Take, for instance, Dixon (Sam Rockwell), a cop known for torturing black inmates. He’s also frequently drunk after work and, massively hungover the next morning, and flips through comic books to kill time. Even among the defective bulbs, Dixon isn’t the brightest. Yet, in McDonagh’s world, he’s not flattened through the hammers of judgement but rendered complete in light of context.
So the same Dixon has a pitiable life: incoherent because of speech defect and alcoholism, a loner living with his mother who, turns out, has racist views, too. (“Things were much better down South back in the day,” she says at one point.) The same Dixon later gets caught in a fire at the police station; it was set by Mildred. He somehow survives, gets multiple burns but more importantly manages to rescue an important set of files: of Angela Hayes’s murder. Mildred’s baffled, horrified expression tells its own story. Ideology – rigid, theoretical, patterned – losing out to man – amorphous, real, self-contradictory. McDonagh’s film has several scenes like these, where characters try to redeem themselves, not unlike our own efforts where we’ve tried convincing ourselves that we’re better than our worst moments. Good films nudge you to forgive the villains; great films ask you to forgive yourself.

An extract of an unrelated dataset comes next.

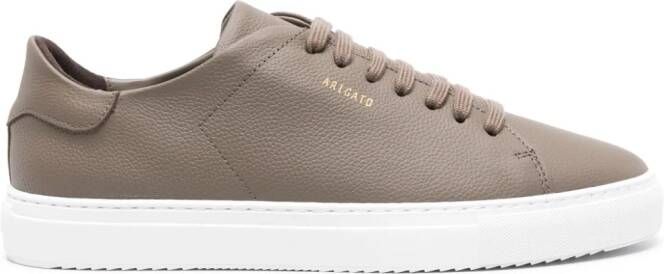 Axel Arigato Clean 90 leren sneakers Bruin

Three Billboards Outside Ebbing, Missouri treats its other characters likewise. Every face, every story has two sides – truths blend with lies, smiles with sneers, machismo with vulnerability. McDonagh’s drama is, of course, not the first film to point towards these schisms, but its involvement and, more importantly, consistency in investigating human frailty is remarkable. It’s not the kind of film that relies on revelations or solutions. The world is pretty much as it is and will remain so. Our causes and revolutions – our collective moral outrage – will come and go. What will be left behind is us – with all our ugliness – and this world that we’ve helped destroy. But there is no running away, the film’s persistent inquiry implies because we’ve to do with what we’ve got.
But McDonagh, who has previously made In Bruges and Seven Psychopaths, both uniquely absurd and whimsical, is also smart enough to know that a film is not just its social or political subtext, that it should also stand on its own otherwise. Three Billboards Outside Ebbing, Missouri is constantly alive by sharp writing, made all the more memorable by dark, unsparing humour, which, on the surface, looks out of place in a subject like this.
The humour here juggles two lexicons – straightforward banter eliciting instant laughs and its smarter offshoot, resting on attention to detail, making you chuckle almost in hindsight – that makes it shine even amid bleakness. McDormand and Rockwell’s performances, thoroughly deserving of their nominations at the 90th Academy Awards, further enrich this film. Their anger, resentment and bitterness, along with a muted desire to be understood, make Three Billboards Outside Ebbing, Missouri a rare gem. It tells us to step into the sunlight, but before we grumble about another gloomy day, it asks us to check whether we’ve taken our tinted glasses off.